Monday, May 15, 2006

the stench of a rotting corpse

Smells are amazing . . . they can bring back memories from many years in the past. Or they can make a moment most pleasant (see previous blog about the smell of heaven). Or if you have ever lived in some hairy arm-pit sort of place around the world, you certainly know that smells can be utterly awful.

So I found it facinating this morning to read that apparently to non-praying folks -- those headed toward destruction, find our "smell" to be like that of a rotting corpse! Now that is some serious bad smelling. Before I got married some 20 years ago, I drove an ambulance and in the course of that difficult job, received the opportunity to smell a rotting corpse. There is nothing, and I repeat nothing, that is quite as bad a smell as a decomposing human body.

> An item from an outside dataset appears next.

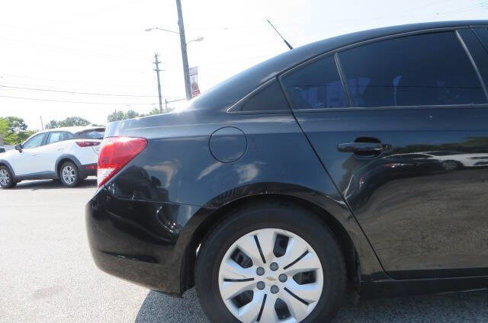 Used 2013 Chevrolet Cruze LS image 23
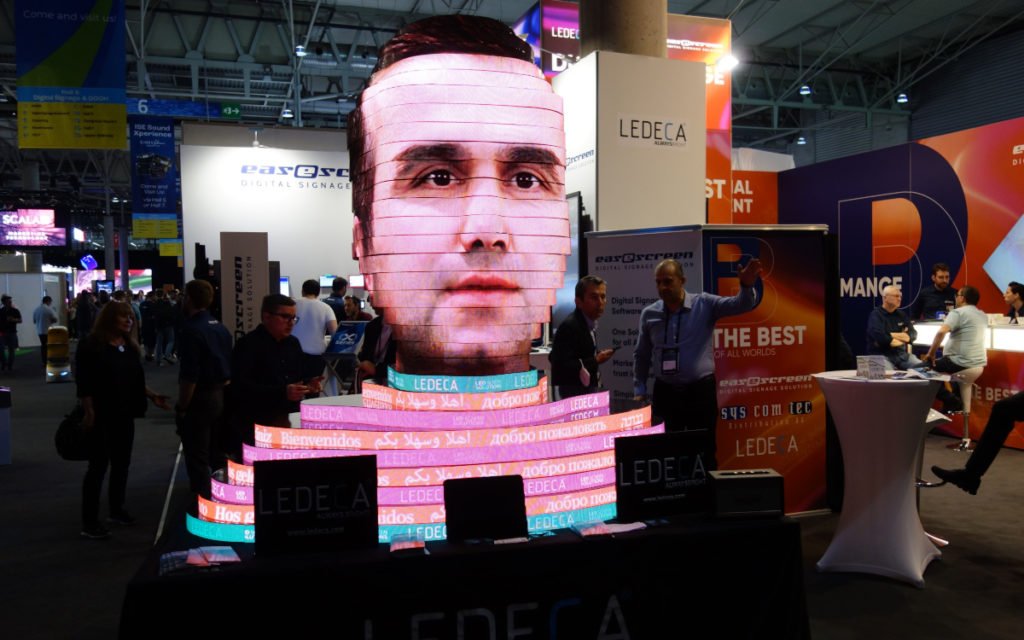 Kunstvolle LED-Skulptur bei Ledeca (Foto: invidis)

In the same text, it is written that to those who are on the path of salvation in some fashion, we are an "exquisite fragrance" and it occured to me that the same thing is the stench of a rotting corpse and an exquisite frangrance all at the same time! This is a bit confusing, but the most facinating thing is that this entire discussion about smells is written in the context of hearing from God and communicating what we are told. It says, "This is a terrific responsibility. Is anyone competent to take it on? No--but at least we don't take God's Word, water it down, and then take it to the streets to sell it cheap. We stand in Christ's presence when we speak; God looks us in the face. We get what we say straight from God and say it as honestly as we can." (2. Cor. 2:16-17 The Message)

It seems that when I communicate the words of God, that these fragrances are released! I wonder what smell I am? At first glance I thought the receptivity of the message by the receiver (hearer) determined the odor, and there is an element of that here . . . but in the end, it seems much more that when I clearly really hear from God and communicate that well, or not (the hearing or the communicating), that the resulting praxis determines the odor. I wonder what smell I am?